Crawled caption data
= = = =

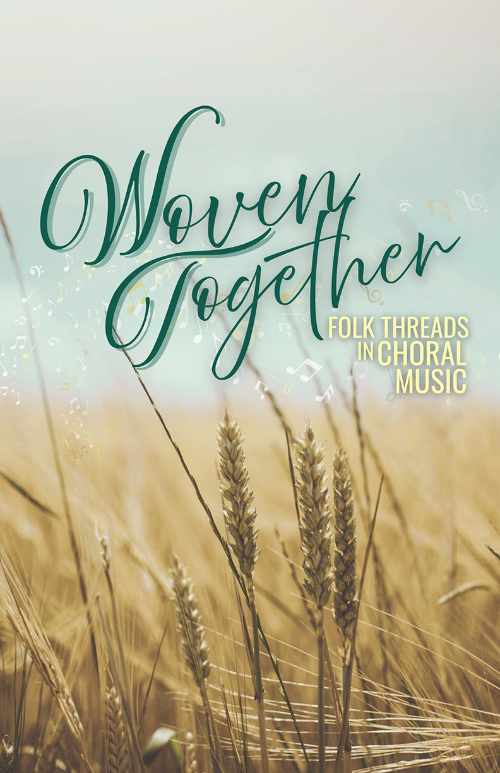 Woven Together 500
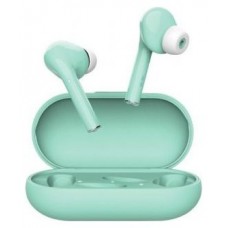 AURICULAR INTRAUDITIVO BLUETOOTH TRUST NIKA TOUCH en Huesoi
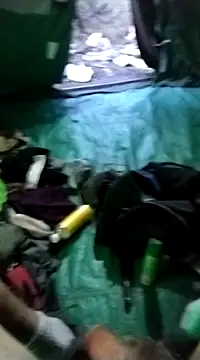 Snapshot of Cloudin_around chatting on 23, 2, 2025 Cloudin around online show from 23, 2, 2025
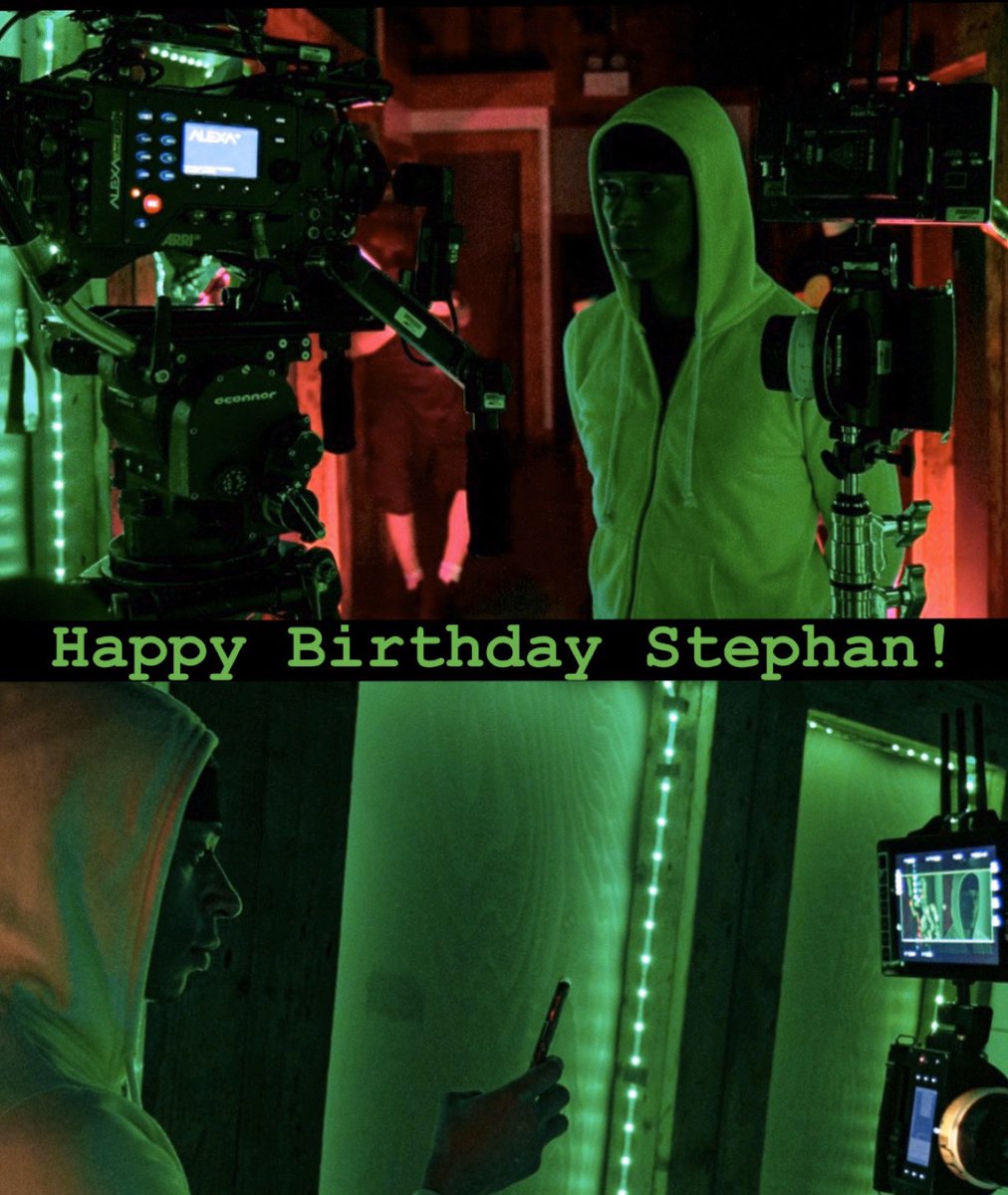 <a href="/ElicitPictures/">Elicit Pictures</a> <a href="/stephan_pierre_/">Stephan Pierre Mitchell</a> Happy Birthday <a href="/stephan_pierre_/">Stephan Pierre Mitchell</a> 🙏🏻❤️❤️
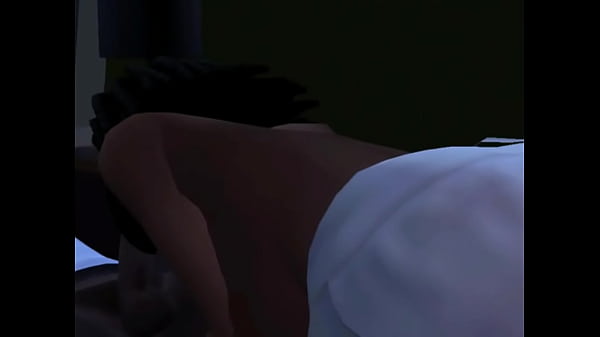 Dulce caf&eacute; caliente 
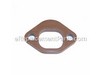 Insulator – Part Number: 16073-2116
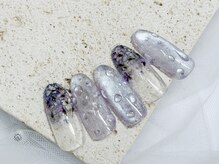 キューティプティ新宿/◇￥9,350◇ 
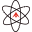 alltronix.com
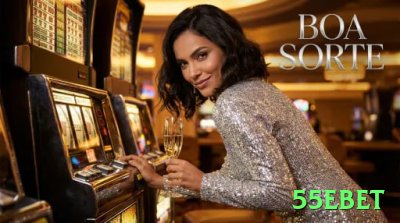 hh888 - Gaming Mega Screenshot 3 - 55ebet 🎰💹 Sessão 50 spins max bet: pare em +200% ou -30% — capture os raros mas gigantes multiplicadores! ⛔🤑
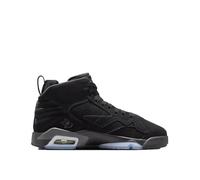 Nike React Infinity Run FK 3 Uomo Running Trainers DH5392 Sneakers Scarpe (UK 11.5 US 12.5 EU 47, Black Siren Red Team Red Volt 007)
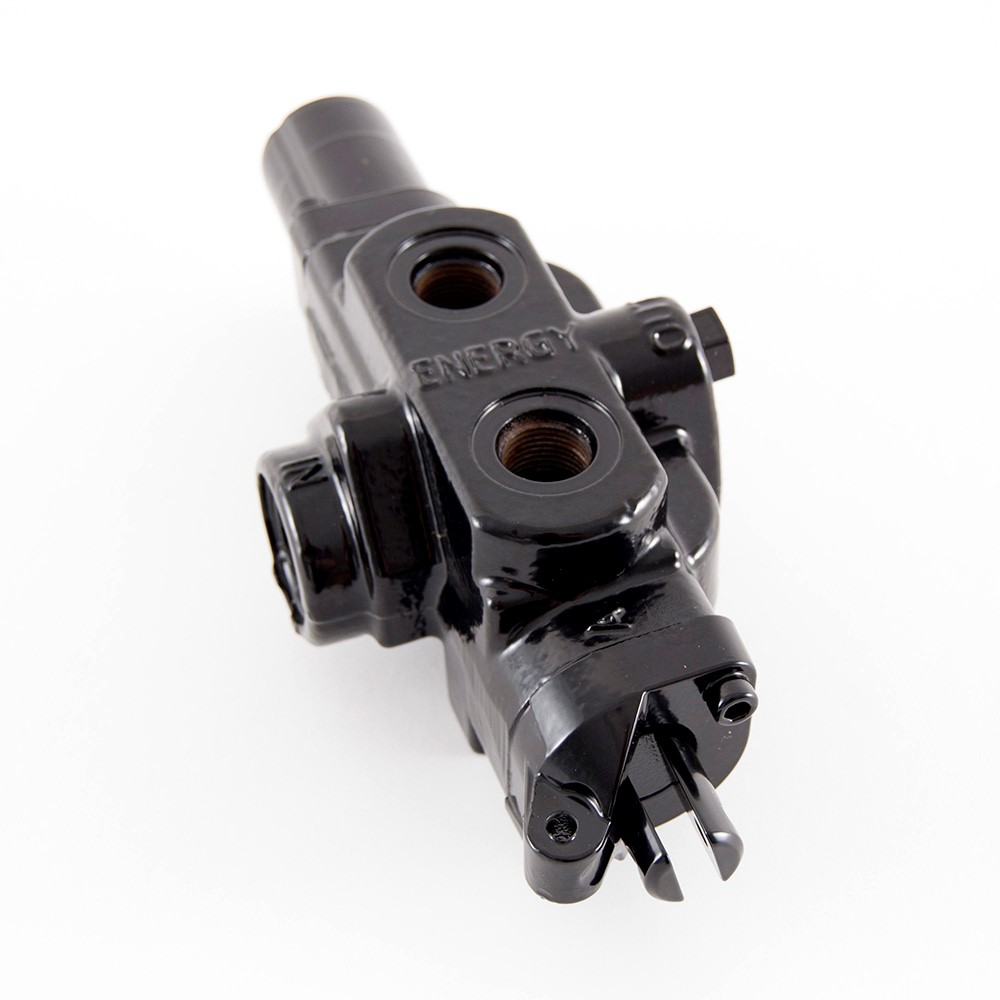 MTD 918-04740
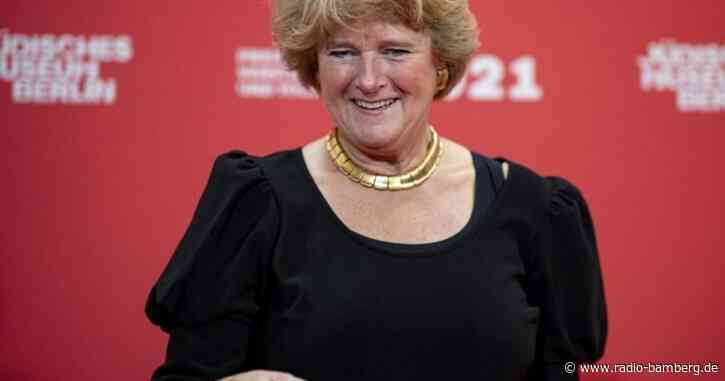 Grütters: zu wenig Kurzfilme in Kino und Fernsehen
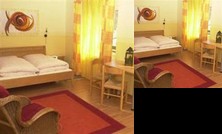 Gasthof Lindenhof Eschenau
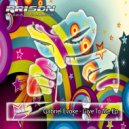 Gabriel Evoke - Surrender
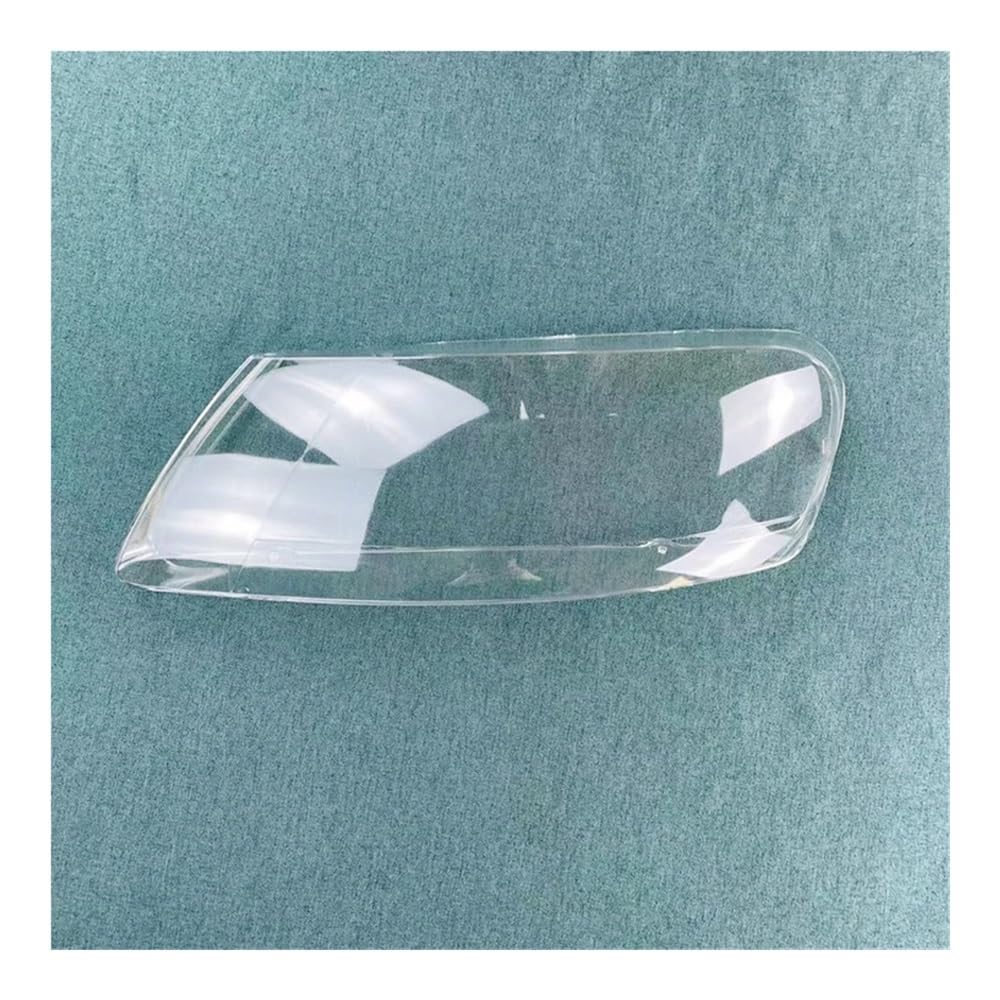 Lampenschirm Scheinwerfer Shell Für Touareg 2003-2006 Auto Scheinwerfer Abdeckung Scheinwerfer Glas Objektiv Auto Shell Abdeckung Lampenschirm Kappen Scheinwerferglas von FALELELV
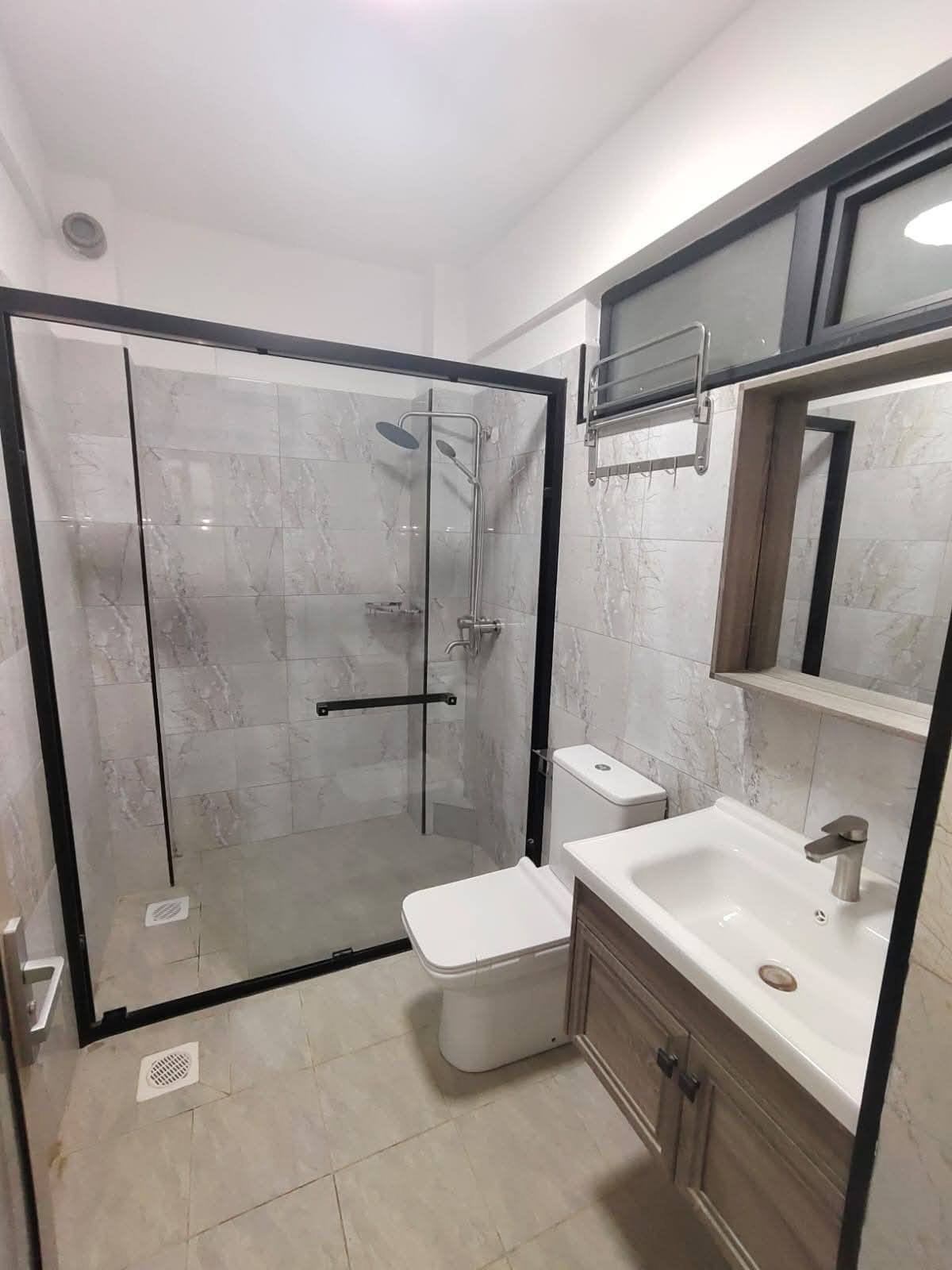 1-Bedroom Apartment for Rent – Lavington, Near Valley Arcade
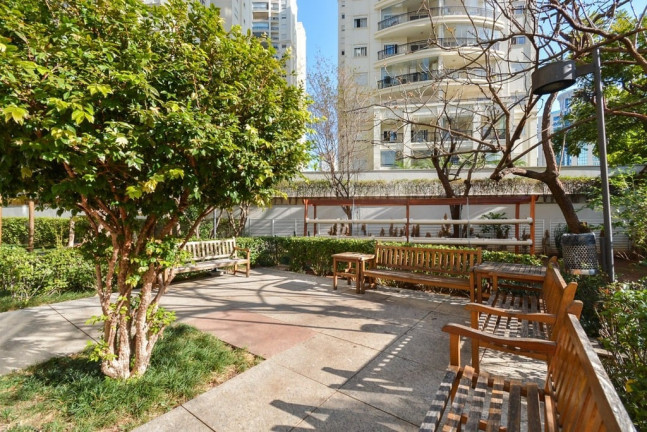 Imagem Apartamento com 2 Quartos à Venda, 104 m² em Planalto Paulista - São Paulo Imagem Apartamento com 2 Quartos à Venda, 104 m² em Planalto Paulista - São Paulo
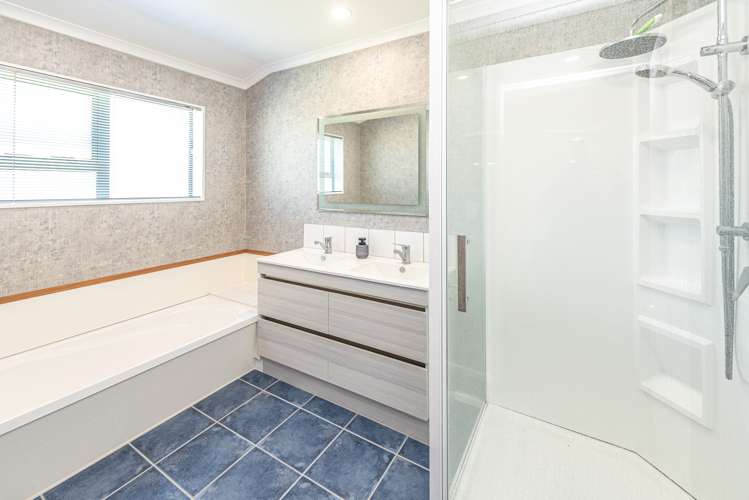 6 Kelsi Street Tawhero_17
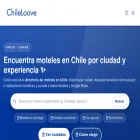 chileloove.com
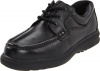 Hush Puppies Men's Gus Oxford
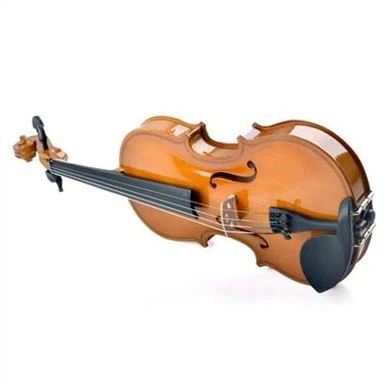 Handmade Violin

= = = =

The problem: Would you set down only the lines above from the line with "Snapshot of Cloudin_around" to the line with "1-Bedroom Apartment for", both included, exactly as they stand and without the pictures?

Reply:
 Snapshot of Cloudin_around chatting on 23, 2, 2025 Cloudin around online show from 23, 2, 2025
 <a href="/ElicitPictures/">Elicit Pictures</a> <a href="/stephan_pierre_/">Stephan Pierre Mitchell</a> Happy Birthday <a href="/stephan_pierre_/">Stephan Pierre Mitchell</a> 🙏🏻❤️❤️
 Dulce caf&eacute; caliente 
 Insulator – Part Number: 16073-2116
 キューティプティ新宿/◇￥9,350◇ 
 alltronix.com
 hh888 - Gaming Mega Screenshot 3 - 55ebet 🎰💹 Sessão 50 spins max bet: pare em +200% ou -30% — capture os raros mas gigantes multiplicadores! ⛔🤑
 Nike React Infinity Run FK 3 Uomo Running Trainers DH5392 Sneakers Scarpe (UK 11.5 US 12.5 EU 47, Black Siren Red Team Red Volt 007)
 MTD 918-04740
 Grütters: zu wenig Kurzfilme in Kino und Fernsehen
 Gasthof Lindenhof Eschenau
 Gabriel Evoke - Surrender
 Lampenschirm Scheinwerfer Shell Für Touareg 2003-2006 Auto Scheinwerfer Abdeckung Scheinwerfer Glas Objektiv Auto Shell Abdeckung Lampenschirm Kappen Scheinwerferglas von FALELELV
 1-Bedroom Apartment for Rent – Lavington, Near Valley Arcade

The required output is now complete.